AI Content Archive
Links
Overview
An archive of ai content including still images, video clips, music, voice-overs, and concept art trailers from various AI tools like Suno, Udio, Hailou, and Luma. All media content is hosted on-chain with a scalable decentralized backend.
Project Steps
- Scrape material sources.
- Primarily files from 4chan.org/wsg threads
- script:
scraping/chan/dl.py
- See blog post ’web-archiving-with-python-and-wget’ for the scraper implementation details.
- scraped threads are then saved in the below format so that the offline html file can be viewed in the browser with all files being served locally and identically to the live site.
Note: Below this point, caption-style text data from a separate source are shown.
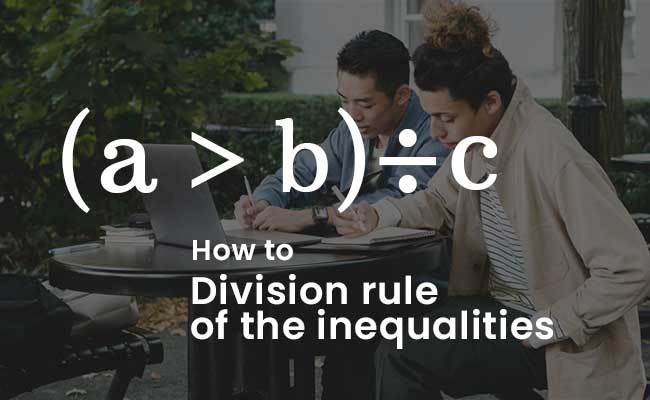 division inequality rule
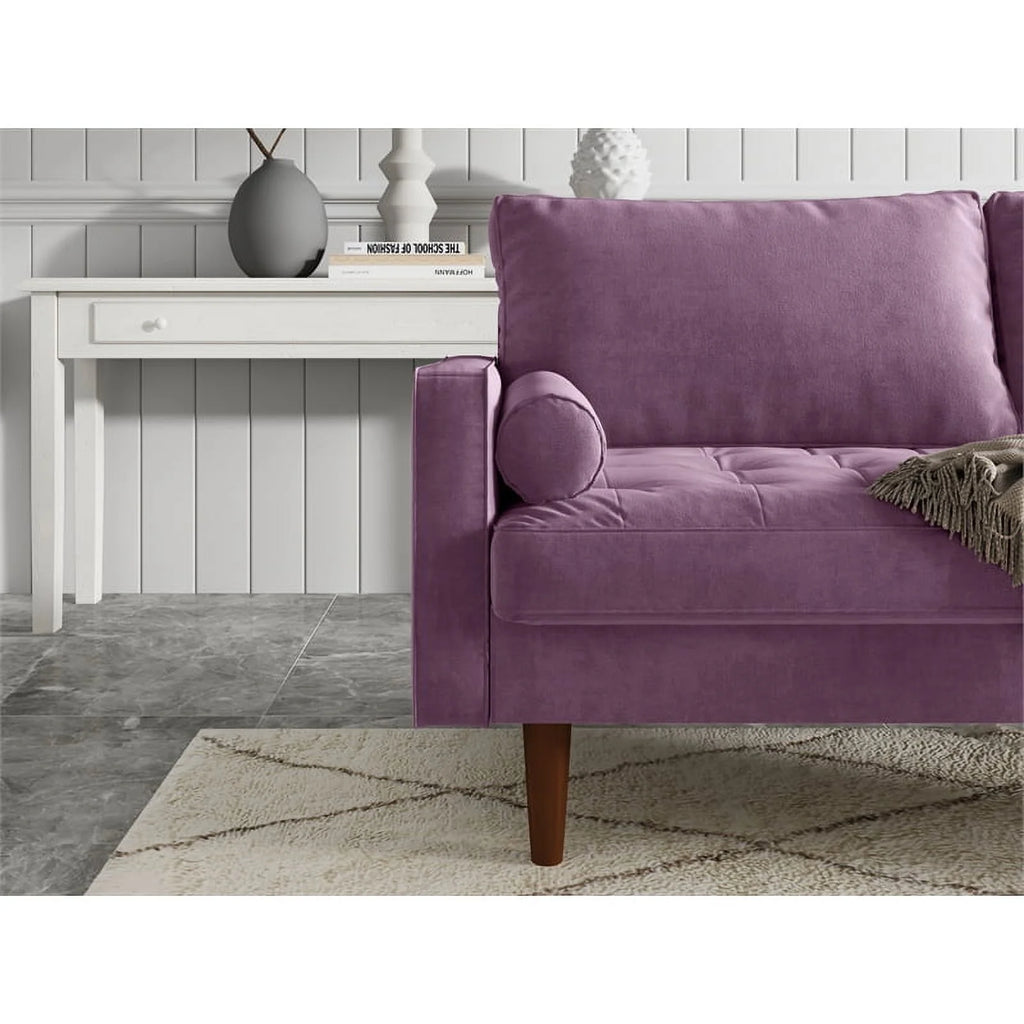 70" Upholstered Velvet Sofa T647386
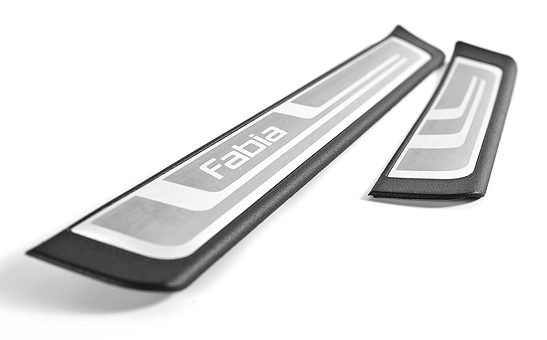 Dekorativní kryty prahů FABIA II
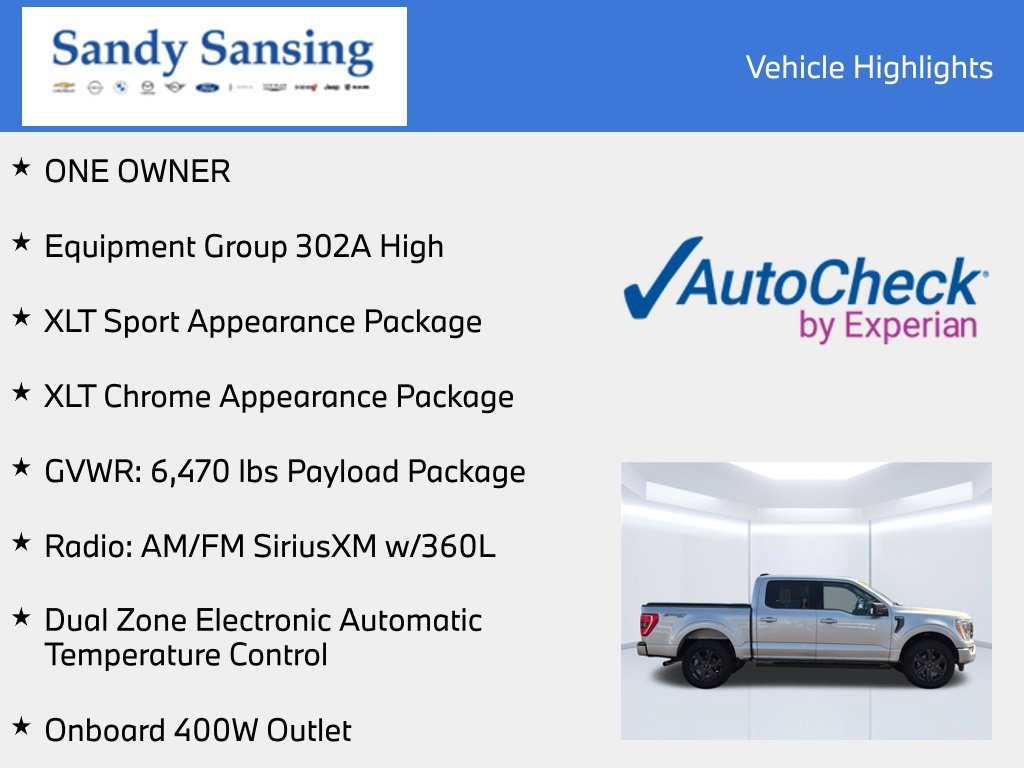 Used 2023 Silver Ford XLT image 7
tree scrape_output/4chan/wsg/5601498
├── boards.4chan.org
│ └── wsg
│ └── thread
│ └── 5601498.html
├── files
│ ├── file1_real_name.gif
│ ├── file2_real_name.webm
│ ├── truncated
├── i.4cdn.org
│ └── wsg
│ ├── file1_thumb.jpg
│ └── file2_thumb.jpg
├── is2.4chan.org
│ └── wsg
│ ├── file1_4chan_name.gif
│ └── file2_4chan_name.webm
├── links.txt
├── s.4cdn.org
│ ├── css
│ │ └── truncated
│ ├── image
│ │ └── truncated
│ └── js
│ └── truncated
└── timestamp.txt
- Use regex to find the exact content/threads you are looking for by scanning the thread subjects.
- Script:
scraping/chan/scan_scraped_threads.py
- The regex search string I use to find AO related threads is:
(^| )(ai|hailou|luma|aicg)($| )
- Script:
- Point the import script at the thread directory you wish to import.
- Script:
scraping/chan/convert_thread_to_hashed.py
- This script will copy the file to a new directory and rename it to its SHA256 checksum. For each file scraped, a json side-car file is generated that contains data about the file such as its tags, source thread, mime type, size, etc. If the scraped file is a video, this script will also use ffmpeg to generate a thumbnail that is suffixed with _thumb.jpg
- An imported file will look like this:
- Script:
# json sidecar file
e35ad205ed53f7a2716db94b1cfac7c81032e891216ba8e178a235ce925acb43.json
# thumbnail
e35ad205ed53f7a2716db94b1cfac7c81032e891216ba8e178a235ce925acb43_thumb.jpg
# scraped file
e35ad205ed53f7a2716db94b1cfac7c81032e891216ba8e178a235ce925acb43.webm
- The file and thumbnail then get chunked and loaded into the CanDB backend ‘media’ partition canister map, with the json file populating the matching file’s metadata entry.